Review by Eric Hillis
Directed by: Spike Lee
Starring: Delroy Lindo, Clarke Peters, Norm Lewis, Isiah Whitlock, Jr., Chadwick Boseman, Jonathan Majors, Mélanie Thierry, Jean Reno, Paul Walter Hauser, Jasper Pääkkönen
Get on the Bus meets Rambo in Spike Lee's Vietnam set geriatric action flick Da 5 Bloods. The title refers to five African-American men who served alongside each other during the Vietnam War, or as the Vietnamese characters they meet along the way here call it, "The American War." Inspirational squad leader 'Stormin' Norman (Chadwick Boseman) perished in combat in 1971, but his legacy lives on in the hearts of the surviving quartet - Paul (Delroy Lindo), Otis (Clarke Peters), Melvin (Isiah Whitlock Jr.) and Eddie (Norm Lewis) - who know that without his leadership and guidance, they may not have made it out of the jungle alive.

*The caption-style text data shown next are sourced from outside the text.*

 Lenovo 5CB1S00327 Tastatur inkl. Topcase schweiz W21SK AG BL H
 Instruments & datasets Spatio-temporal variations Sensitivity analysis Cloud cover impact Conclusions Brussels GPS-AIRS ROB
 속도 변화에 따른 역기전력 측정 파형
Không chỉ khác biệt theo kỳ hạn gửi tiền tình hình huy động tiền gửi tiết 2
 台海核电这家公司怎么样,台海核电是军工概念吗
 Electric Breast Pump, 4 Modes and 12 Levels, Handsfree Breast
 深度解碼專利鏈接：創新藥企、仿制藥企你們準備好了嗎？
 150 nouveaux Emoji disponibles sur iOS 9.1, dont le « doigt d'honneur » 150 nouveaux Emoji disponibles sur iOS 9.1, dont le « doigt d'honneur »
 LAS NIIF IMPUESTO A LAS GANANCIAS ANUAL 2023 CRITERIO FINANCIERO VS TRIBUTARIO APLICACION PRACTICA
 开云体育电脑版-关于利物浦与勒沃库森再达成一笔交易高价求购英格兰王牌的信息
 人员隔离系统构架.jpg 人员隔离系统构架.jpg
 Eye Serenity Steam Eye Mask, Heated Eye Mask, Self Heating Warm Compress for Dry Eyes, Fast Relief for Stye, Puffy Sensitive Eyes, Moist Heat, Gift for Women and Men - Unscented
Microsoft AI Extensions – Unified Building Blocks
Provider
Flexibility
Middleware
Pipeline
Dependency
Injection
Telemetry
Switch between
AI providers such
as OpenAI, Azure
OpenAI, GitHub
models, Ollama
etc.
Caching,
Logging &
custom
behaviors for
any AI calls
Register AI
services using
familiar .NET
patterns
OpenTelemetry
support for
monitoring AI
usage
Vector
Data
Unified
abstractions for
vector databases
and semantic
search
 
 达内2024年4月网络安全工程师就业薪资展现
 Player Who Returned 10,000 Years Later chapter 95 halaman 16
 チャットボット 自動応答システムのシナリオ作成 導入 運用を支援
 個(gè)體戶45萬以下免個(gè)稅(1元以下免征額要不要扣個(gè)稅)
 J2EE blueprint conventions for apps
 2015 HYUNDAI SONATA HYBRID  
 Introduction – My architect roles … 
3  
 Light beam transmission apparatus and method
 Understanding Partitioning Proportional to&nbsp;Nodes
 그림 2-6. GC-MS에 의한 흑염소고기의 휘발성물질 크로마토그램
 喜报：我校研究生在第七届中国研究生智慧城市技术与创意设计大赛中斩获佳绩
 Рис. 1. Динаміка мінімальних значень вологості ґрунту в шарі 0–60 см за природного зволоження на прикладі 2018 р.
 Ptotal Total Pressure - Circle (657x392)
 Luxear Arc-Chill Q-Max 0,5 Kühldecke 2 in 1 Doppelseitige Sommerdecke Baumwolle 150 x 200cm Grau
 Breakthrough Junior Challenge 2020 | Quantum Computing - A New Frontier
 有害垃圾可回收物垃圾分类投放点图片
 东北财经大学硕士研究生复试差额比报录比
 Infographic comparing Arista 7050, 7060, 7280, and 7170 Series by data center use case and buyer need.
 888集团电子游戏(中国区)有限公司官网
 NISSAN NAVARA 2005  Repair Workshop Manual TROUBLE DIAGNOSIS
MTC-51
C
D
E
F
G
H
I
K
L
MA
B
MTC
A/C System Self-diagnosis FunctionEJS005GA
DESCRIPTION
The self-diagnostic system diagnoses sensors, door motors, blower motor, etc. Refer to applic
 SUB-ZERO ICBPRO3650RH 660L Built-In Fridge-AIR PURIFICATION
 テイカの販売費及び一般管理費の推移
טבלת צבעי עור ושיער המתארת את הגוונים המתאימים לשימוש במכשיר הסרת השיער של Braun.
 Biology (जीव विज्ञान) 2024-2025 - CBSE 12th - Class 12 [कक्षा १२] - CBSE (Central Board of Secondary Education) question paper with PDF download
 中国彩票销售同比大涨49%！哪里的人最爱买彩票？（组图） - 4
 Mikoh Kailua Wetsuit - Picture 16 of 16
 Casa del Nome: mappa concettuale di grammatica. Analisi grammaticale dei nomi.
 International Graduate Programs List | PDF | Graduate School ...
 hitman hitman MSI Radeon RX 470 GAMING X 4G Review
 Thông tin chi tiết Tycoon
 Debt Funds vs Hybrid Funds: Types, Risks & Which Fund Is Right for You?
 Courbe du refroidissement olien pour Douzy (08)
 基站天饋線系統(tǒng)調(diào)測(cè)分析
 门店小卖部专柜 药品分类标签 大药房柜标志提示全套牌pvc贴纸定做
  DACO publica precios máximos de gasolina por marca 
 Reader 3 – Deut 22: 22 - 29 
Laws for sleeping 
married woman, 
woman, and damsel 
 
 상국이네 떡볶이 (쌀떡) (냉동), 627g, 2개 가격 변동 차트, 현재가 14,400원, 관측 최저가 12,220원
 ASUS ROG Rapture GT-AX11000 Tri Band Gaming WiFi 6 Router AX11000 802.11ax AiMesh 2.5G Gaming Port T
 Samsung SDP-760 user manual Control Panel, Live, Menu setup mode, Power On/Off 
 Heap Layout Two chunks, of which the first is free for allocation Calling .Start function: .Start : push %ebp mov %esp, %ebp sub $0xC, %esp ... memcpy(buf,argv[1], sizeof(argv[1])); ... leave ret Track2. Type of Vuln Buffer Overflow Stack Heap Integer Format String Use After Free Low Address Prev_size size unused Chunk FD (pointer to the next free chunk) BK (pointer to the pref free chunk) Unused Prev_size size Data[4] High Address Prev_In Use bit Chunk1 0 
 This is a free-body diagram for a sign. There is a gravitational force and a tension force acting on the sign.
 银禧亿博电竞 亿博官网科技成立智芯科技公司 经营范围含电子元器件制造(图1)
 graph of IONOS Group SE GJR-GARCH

Now in the winter of their lives, the remaining 4 Bloods return to Vietnam, along with Paul's uninvited and somewhat estranged son David (Jonathan Majors), to complete two unresolved missions. They hope to retrieve Norman's remains and return them to the US for a funeral with full military honours. They also plan to dig up a crate filled with gold bullion. They locate both, but find things complicated by the arrival of a group of young landmine activists (played by Mélanie Thierry, Paul Walter Hauser and Jasper Pääkkönen) and some locals determined to keep the gold in their country.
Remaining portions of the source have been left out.